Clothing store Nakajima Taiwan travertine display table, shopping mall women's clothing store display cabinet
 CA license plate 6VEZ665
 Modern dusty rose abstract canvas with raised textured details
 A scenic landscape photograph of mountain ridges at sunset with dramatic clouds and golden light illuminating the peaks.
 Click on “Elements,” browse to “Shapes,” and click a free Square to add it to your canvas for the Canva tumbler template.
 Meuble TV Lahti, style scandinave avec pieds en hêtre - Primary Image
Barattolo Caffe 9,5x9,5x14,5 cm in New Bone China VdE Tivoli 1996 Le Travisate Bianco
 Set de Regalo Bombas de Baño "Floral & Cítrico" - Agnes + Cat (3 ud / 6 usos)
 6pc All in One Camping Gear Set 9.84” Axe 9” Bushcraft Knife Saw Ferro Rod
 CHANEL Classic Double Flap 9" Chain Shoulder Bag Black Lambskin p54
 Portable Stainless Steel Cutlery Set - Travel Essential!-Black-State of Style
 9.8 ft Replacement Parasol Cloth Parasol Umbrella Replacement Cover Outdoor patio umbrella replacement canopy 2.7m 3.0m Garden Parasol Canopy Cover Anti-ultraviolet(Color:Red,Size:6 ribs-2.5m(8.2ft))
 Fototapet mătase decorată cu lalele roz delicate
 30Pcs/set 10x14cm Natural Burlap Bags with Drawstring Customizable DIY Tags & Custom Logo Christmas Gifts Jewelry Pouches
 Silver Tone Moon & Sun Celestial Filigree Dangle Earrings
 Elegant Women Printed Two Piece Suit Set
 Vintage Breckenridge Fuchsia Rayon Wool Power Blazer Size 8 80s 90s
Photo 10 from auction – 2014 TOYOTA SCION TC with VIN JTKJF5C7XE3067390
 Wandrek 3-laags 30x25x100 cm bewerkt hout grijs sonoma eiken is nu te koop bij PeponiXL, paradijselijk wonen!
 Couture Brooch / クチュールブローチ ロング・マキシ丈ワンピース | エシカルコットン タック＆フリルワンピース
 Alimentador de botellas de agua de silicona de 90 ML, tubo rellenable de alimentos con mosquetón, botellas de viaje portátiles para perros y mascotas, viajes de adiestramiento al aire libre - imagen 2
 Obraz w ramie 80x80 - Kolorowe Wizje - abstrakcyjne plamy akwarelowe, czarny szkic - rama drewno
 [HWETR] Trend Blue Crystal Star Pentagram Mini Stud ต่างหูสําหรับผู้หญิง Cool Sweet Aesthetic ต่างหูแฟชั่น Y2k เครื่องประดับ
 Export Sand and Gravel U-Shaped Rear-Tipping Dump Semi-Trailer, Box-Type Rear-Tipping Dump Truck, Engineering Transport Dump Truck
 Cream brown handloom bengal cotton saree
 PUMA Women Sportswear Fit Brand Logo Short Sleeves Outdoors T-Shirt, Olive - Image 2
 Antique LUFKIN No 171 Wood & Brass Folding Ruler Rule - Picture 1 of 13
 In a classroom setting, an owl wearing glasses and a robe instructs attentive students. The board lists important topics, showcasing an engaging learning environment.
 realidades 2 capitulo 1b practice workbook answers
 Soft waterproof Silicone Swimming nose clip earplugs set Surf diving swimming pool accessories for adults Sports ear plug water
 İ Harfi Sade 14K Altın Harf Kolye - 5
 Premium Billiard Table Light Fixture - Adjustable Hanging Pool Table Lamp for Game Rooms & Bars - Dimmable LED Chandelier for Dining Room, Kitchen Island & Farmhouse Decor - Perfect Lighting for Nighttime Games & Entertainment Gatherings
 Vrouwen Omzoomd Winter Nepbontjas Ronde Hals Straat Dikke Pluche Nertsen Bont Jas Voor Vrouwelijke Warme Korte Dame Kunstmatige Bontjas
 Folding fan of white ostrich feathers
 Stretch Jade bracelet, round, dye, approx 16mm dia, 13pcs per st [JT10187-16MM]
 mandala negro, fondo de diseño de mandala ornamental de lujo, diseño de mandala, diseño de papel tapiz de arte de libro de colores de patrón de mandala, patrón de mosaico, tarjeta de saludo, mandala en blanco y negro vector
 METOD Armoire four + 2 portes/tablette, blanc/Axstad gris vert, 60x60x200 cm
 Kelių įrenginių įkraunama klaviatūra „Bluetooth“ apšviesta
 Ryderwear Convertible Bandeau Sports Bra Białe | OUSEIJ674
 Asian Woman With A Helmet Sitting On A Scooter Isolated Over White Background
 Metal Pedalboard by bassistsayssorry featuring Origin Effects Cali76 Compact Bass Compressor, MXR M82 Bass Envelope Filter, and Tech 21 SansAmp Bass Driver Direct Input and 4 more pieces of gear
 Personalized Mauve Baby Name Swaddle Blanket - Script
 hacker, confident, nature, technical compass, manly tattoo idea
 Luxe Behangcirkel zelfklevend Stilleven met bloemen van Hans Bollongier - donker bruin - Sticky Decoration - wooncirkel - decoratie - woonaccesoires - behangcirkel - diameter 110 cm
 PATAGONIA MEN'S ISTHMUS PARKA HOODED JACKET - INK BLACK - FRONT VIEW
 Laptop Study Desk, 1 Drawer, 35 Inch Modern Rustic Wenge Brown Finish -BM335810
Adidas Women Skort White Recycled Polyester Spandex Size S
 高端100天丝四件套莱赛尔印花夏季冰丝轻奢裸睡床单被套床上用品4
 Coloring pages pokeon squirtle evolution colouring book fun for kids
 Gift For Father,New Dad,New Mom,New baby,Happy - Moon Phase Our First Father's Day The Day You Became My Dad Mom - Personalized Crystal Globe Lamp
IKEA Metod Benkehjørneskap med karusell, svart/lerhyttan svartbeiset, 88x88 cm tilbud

_Problem requirements_:
When you reach the line holding "Premium Billiard Table" in the records above, begin reproducing exactly, stop after the line holding "Folding fan of white ostrich feathers", and output nothing else.

_Exercise result_:
 Premium Billiard Table Light Fixture - Adjustable Hanging Pool Table Lamp for Game Rooms & Bars - Dimmable LED Chandelier for Dining Room, Kitchen Island & Farmhouse Decor - Perfect Lighting for Nighttime Games & Entertainment Gatherings
 Vrouwen Omzoomd Winter Nepbontjas Ronde Hals Straat Dikke Pluche Nertsen Bont Jas Voor Vrouwelijke Warme Korte Dame Kunstmatige Bontjas
 Folding fan of white ostrich feathers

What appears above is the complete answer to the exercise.